Small things, big impact!
As you read the headline of this article, you might think: That too. Now she’s also adding her mustard on this subject. Especially since sustainability is used in all sorts of sensible and nonsensical contexts and is sometimes misused to promote advertising. It’s not that I’m an environmental activist. And there are a few things I could do about myself. In fact, the best thing would be to forego creative work entirely. But that is definitely not possible. People have always felt the need to express themselves artistically. And there are definitely different forms, if I wasn’t allowed to paint, draw or be creative, I would wither. So this is not an option.
Nevertheless, my perspective has changed over the years. I’m looking for solutions how I can work creatively, but still not produce tons of unnecessary garbage. But everyone has to decide for themselves how the priorities are set. Sometimes there are small things that don’t hurt, but in the long run and in large measure they have an effect. Here are a few of those little things that I practice to reduce the junk
Disposable gloves, Zewas or paper plates
I hardly ever use such things. Washing hands, old tea towels, old T-shirts or empty plastic packaging that are already there anyway also serve the purpose and can be used several times. I don’t need a fresh plate every time, a sturdy cover made from wall paints or acrylic binders is very durable and can also be used with water-based glazes without softening. An old glass or plexiglass plate is also great. If the disposable cup is frowned upon, why not the disposable, palette, cardboard plate too?
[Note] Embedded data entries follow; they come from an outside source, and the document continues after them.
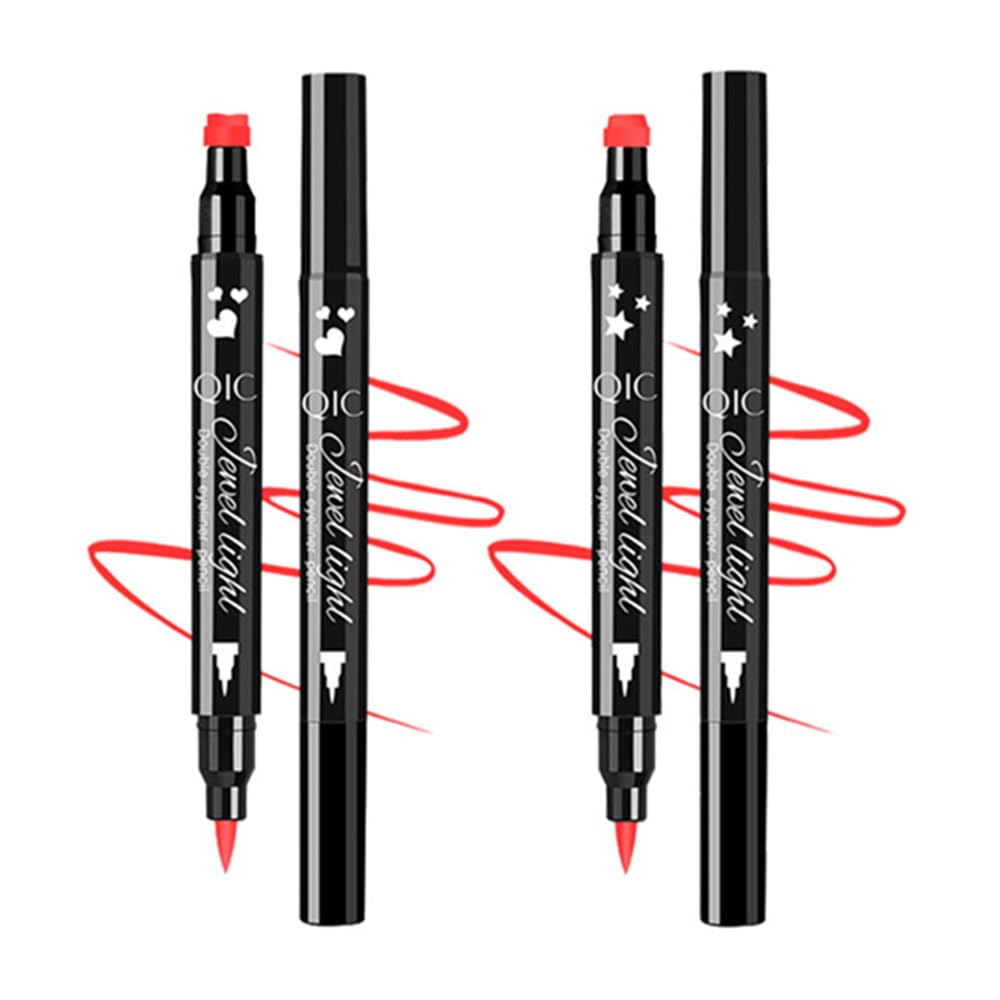 Lamuseland Eyeliner Stamp Wingliner, Waterproof Smudgeproof Liquid Eye Liner Gel Pen Set, Long Lasting Heart Black Thin Double E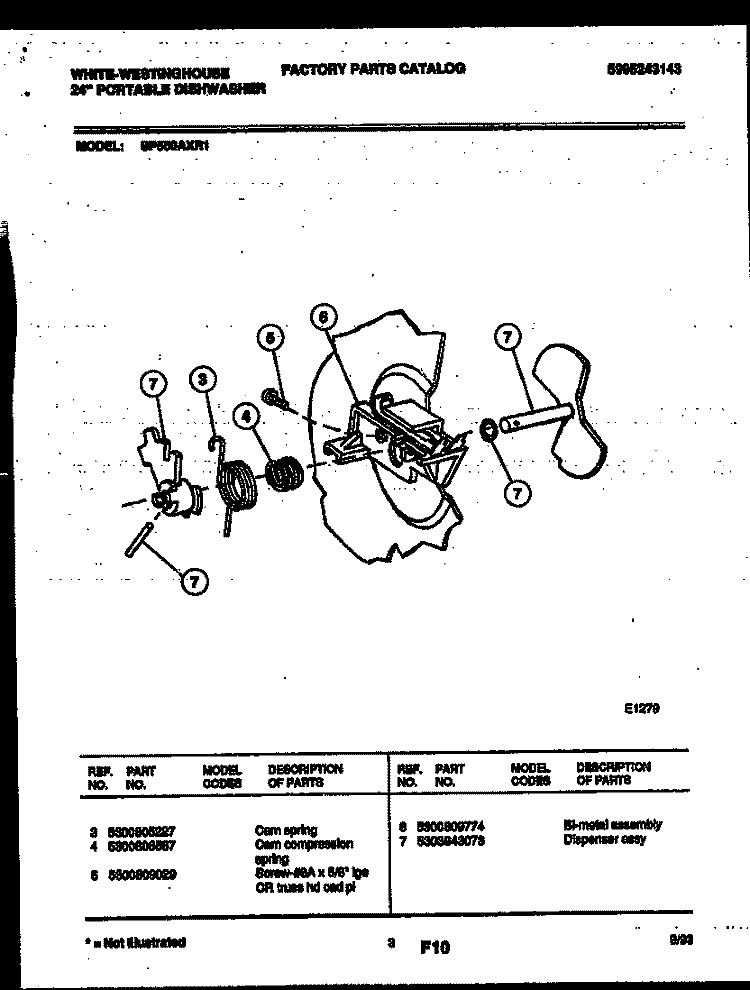 CAM Diagram and Parts List for SP550AXR1  Frigidaire Dishwasher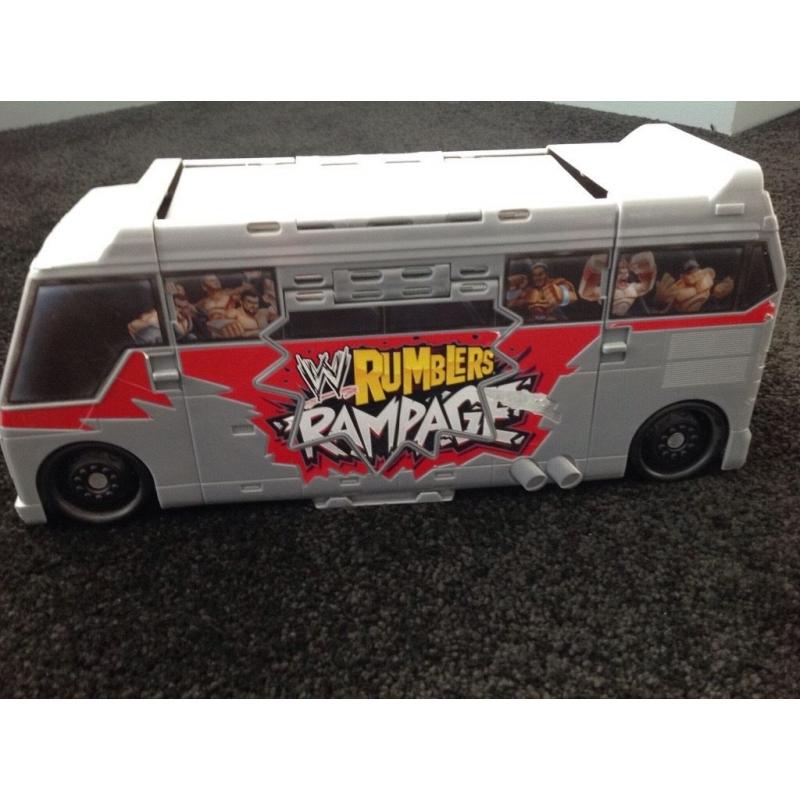 WWE mini rumblers bus and figures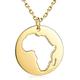 925-Sterling-Silver Gold Africa Map Necklace - 18K Gold Plated Chain Circle Dainty Hollow African Vintage Map Pendant Jewelry Gift for Women, Sterling Silver, not know
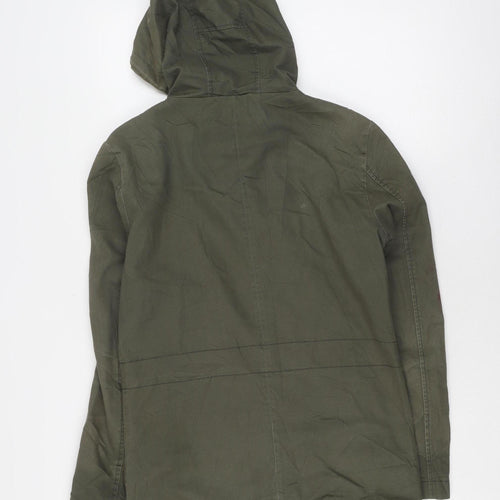 FLY53 Women's Green Parka Jacket, Size S, Casual Style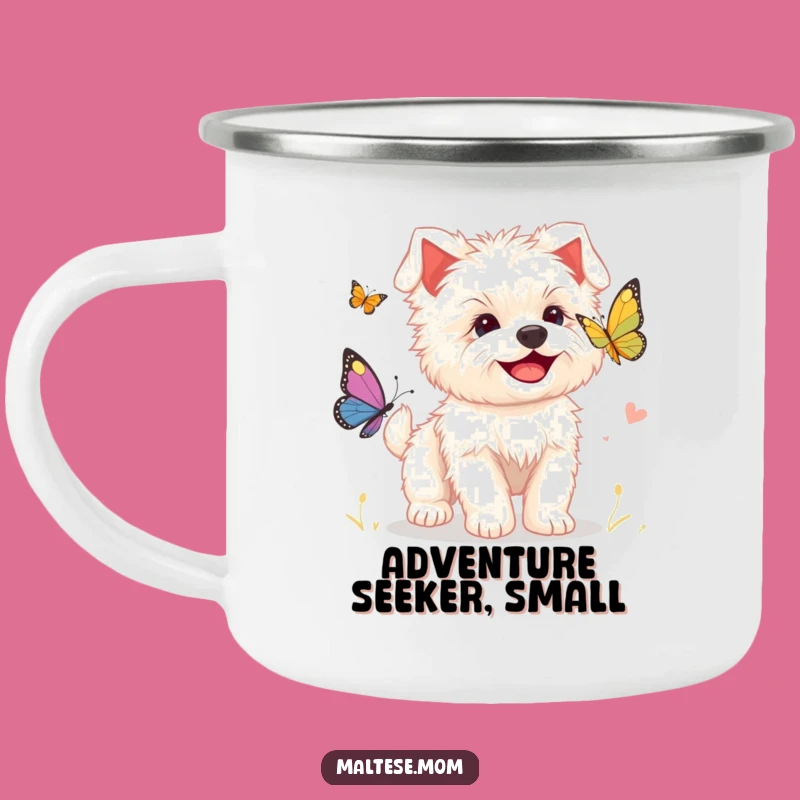 Funny Maltese Puppy Camping Mug, Durable Puppy Chase Coffee Cup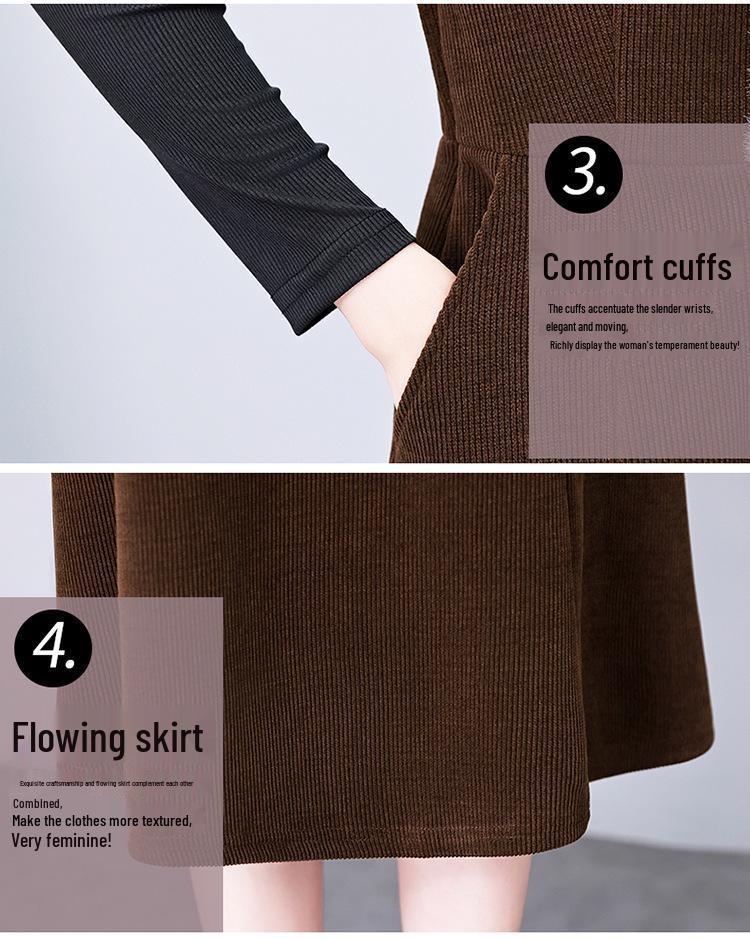 2026 Autumn/Winter Elegant Hepburn Style Slimming Patchwork Mid-Length Dress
Use existing tools or misuse them
You don’t always need the very best artist quality, you can also use existing tools for your painting. Dish brushes, rubber squeegees from the hardware store or pot sponges can withstand a long time. You can prime your pictures with remnants of white wall paint. A mixture of dish soap and sunflower oil can replace the solvent for your oil paint.
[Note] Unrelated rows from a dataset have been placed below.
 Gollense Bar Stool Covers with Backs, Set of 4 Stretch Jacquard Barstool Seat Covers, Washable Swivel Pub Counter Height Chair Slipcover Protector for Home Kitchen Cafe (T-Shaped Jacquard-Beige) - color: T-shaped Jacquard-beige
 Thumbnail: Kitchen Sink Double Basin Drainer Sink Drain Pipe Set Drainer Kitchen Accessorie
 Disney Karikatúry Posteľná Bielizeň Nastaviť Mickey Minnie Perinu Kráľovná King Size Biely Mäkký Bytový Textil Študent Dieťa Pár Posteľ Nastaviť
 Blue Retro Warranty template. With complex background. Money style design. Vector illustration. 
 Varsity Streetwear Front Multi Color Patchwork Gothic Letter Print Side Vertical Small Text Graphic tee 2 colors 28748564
Work with surfaces that can be revised
Since I’ve been an artist for many years, I have a lot of painted canvases. A very large amount, really. And for some time now, I have rarely used a completely fresh canvas. In the majority of cases I recycle old pictures. Pictures that are outdated because I am at a different point in my development or pictures that I have never really worked out anything new and which are a repetition of earlier work. I can let such pictures go again and form the basis of a new design. Among other things, because I often over-paint the old pictures, I hardly ever varnish my work. It is difficult to get an absorbent primer back on a very smooth and sealed surface.
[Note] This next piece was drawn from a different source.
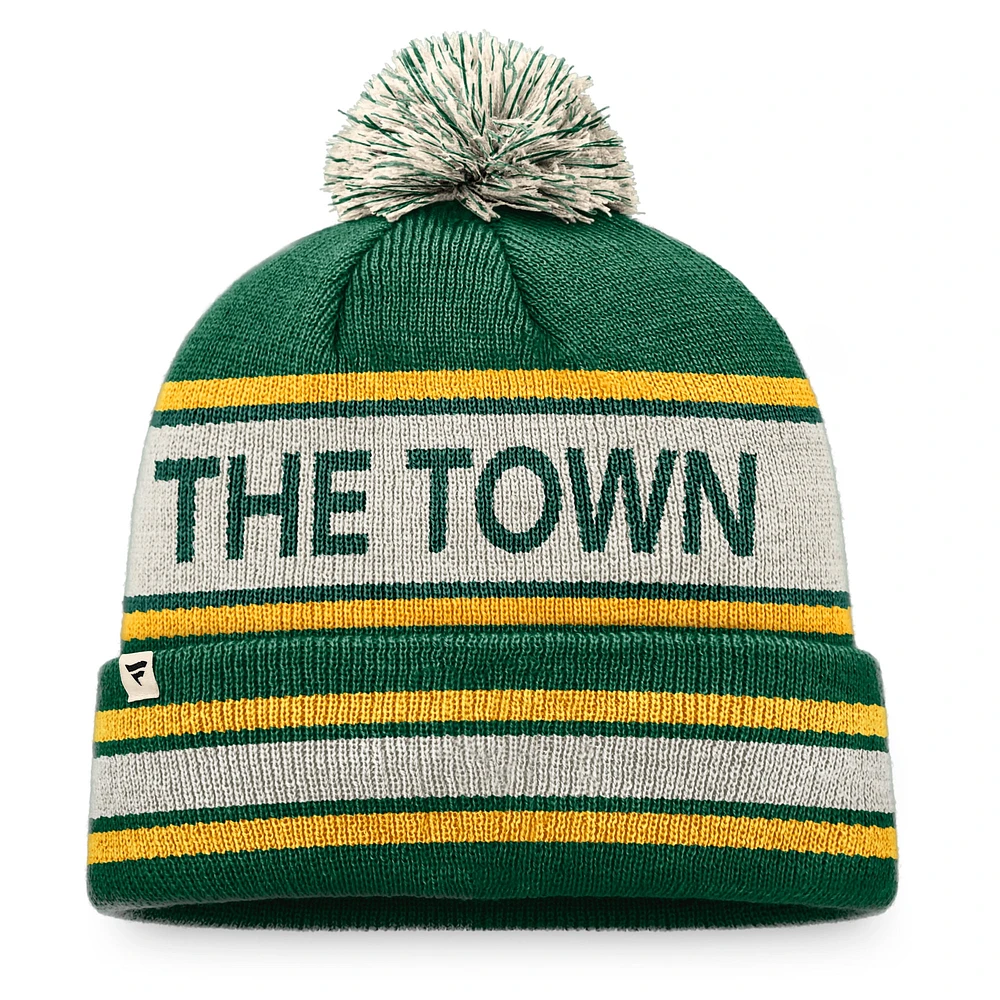 Men's Fanatics Green/Natural Oakland Athletics Hometown Slogan Cuffed Knit Hat with Pom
Keeping the paint moist for the next day of painting
I need a lot of paint for large canvases. But sometimes it’s hard to tell how much. Sometimes I put the paint directly on the canvas, then I can save myself the detour via the palette. If I have leftovers on the palette, I wrap them with the packaging film from the freshly bought canvases (mostly those of my course participants). If I can’t paint for a long time, I spray a little water over it with the spray bottle. The acrylic paint will last for a few days. Should I still have leftovers that I need to rinse off, I first remove most of the paint with an old rag or dirty paper before cleaning the palette. This means that less acrylic paint ends up in the sink.
Maintaining materials well
Unfortunately, many artist’s brushes no longer have the long service life they used to have, these are my experiences. But if you handle your material well, you will definitely benefit from it for longer. When I wash the brushes (which I usually only do at the end of the painting session, as I work wet on wet with the different shades) I then place them on an old terry towel to dry. I don’t put them in a jar, otherwise the moisture will pull into the clamp and the wood in it may swell. The brush hairs fall out quickly and the brush becomes unusable.
Now and then painting on paper
For me a playground: Working on paper. We use less material than when using stretcher frames and it takes up less space to store the finished pictures. In addition, you can let off steam on paper, because it is “only” paper. You can cut it wonderfully to change the composition or cut it into pieces to make cards, bookmarks, etc. out of it (if it doesn’t seem to work as a whole). You can also later integrate it into acrylic paintings.
Collect materials and include them in collages
Some participants bring real treasure chests with them: The collections of special papers, old documents or newspaper clippings are great to use in collages. I also enjoy self-made sketches twice: once when I draw them and a second time when they find a place in a picture. Patterned or structured fabrics can also be worked in perfectly.
You can make it yourself and only touch it if necessary.You can use natural materials with acrylic binders (or white wall paint, if the structural compound should be white) to make the structure yourself: sand, ash or colored earths are structure and first coloring at the same time. And because you only do that when you need these substrates, nothing will go bad or firm.